Students at William Penn Senior High School can start enrolling immediately in the York City School District's back-by-popular-demand performing arts program, Superintendent Eric Holmes said.
This fall, Holmes said, the district will offer its students in grades 9-12 seven beginner-level courses: dance, voice, technical theater, stage management, creative writing and poetry, directing and acting.
In the spring, the high school will offer the introductory courses again. Second-level courses in those subjects will also be available for students who passed the introductory classes.
Eventually, the district could offer third- and fourth-level courses, Holmes said.
The district's school board voted last week to authorize Holmes to finalize an agreement with the Strand-Capitol Performing Arts Center, which is partnering with the district to coordinate the program.
"The most important thing is that we would like this to be a premier component of our high school, as it used to be. We want to bring that back.
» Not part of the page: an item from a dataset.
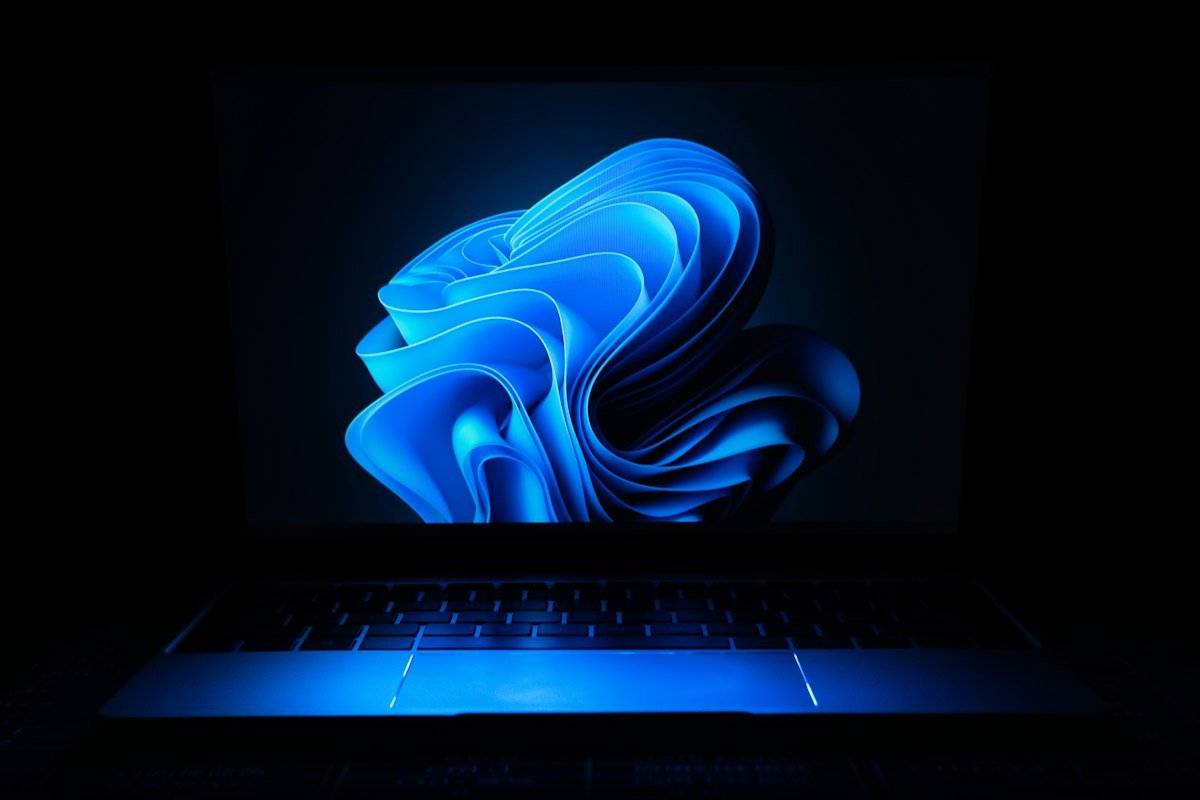 A laptop showing a blue wave wallpaper in a dark room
We want to give students a reason to come to York High," Holmes told the board.
New life: In 2011, the school board cut the high school's Performing Arts Institute from the district's budget to save money.
The institute had been a part of the high school's elective curriculum for about 25 years, Holmes said.
Soon afterward, New Hope Academy Charter School partnered with the Strand to implement its own performing-arts program.
New Hope will close in June, however, because its charter was revoked by the district.
For a cost of about $300,000, district officials are planning to resurrect the institute in the fall.
Ken Wesler, the Strand's executive director, addressed the board at an earlier meeting.
Wesler said he envisions a curriculum designed to accommodate students who want to pursue the arts as a career and those students who simply have an interest in performance.
In the future: Plans are in the works for both a fall play and a spring musical planned and performed by students taking the arts classes, Wesler said.
There will also be special workshops and mentoring, he said.
Classes will be held at both the high school and the Strand.
Holmes said he is working now to finalize the district's partnership agreement with the Strand.
When that is done, the district will start hiring staff for the program, he said.
Margie Orr, the school board president, said she's looking forward to the program's return.
"Bringing this back is going to bring joy to a lot of our children," she said.